As a child I would remove the stones covering the constantly-bursting-pipes of the neighborhood’s Turkish bath. The reason I was doing it was to allow for the pipes to be repaired. After the repair I would put the stones back in their place. This was how I earned my first money. Back in those days I would have never imagined that one day I’d own the company that first comes to mind today when the word Turkish bath is mentioned.
Our marble work began in Çatalzeytin, Kastamonu. Most of the people living there work in the field of marble. Stones prepared in Marmara Island would arrive in Istanbul after traveling on the sea for three days. Istanbul was the place from where these stones were sent to various places. The barges arriving at Küçükpazar would bring marbles prepared and cut in several sizes. Craftspeople, artisans, and traders of the period would receive their raw materials there and turn them into building stones, which sprang to life as kurnas and stairs or sometimes as special fountains.

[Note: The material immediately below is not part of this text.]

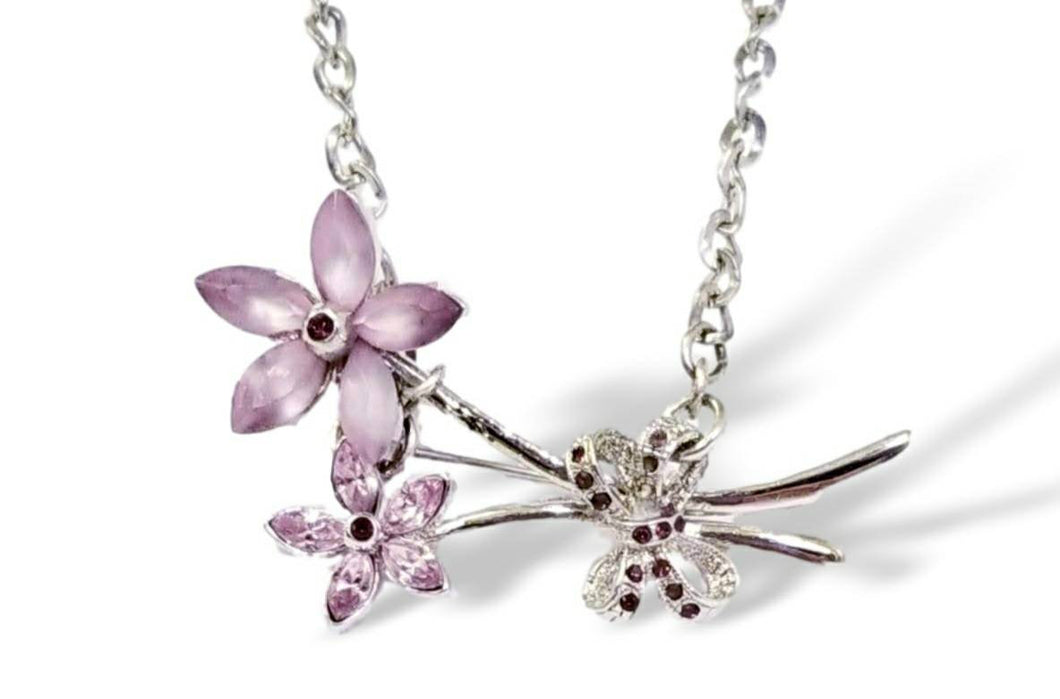 Vintage purple rhinestone flower assemblage necklace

My grandfather who was our family’s first marble artisan worked in Dolmabahçe Palace in that era. His work described as varnishing was requiring great efforts back in those days compared to the present day when technological machines came into use. A great floor workmanship, this work offers the final touches to decoration. After a while my grandfather expanded his business using an Italian-originated machine, which was of high technology back then. My father also learned about building elements from my grandfather and founded his own studio in 1974 to continue this business. Back in those days, the top marble designs included spiral marble staircases, which were made using one-piece marble stones in particular and can be seen today in old buildings.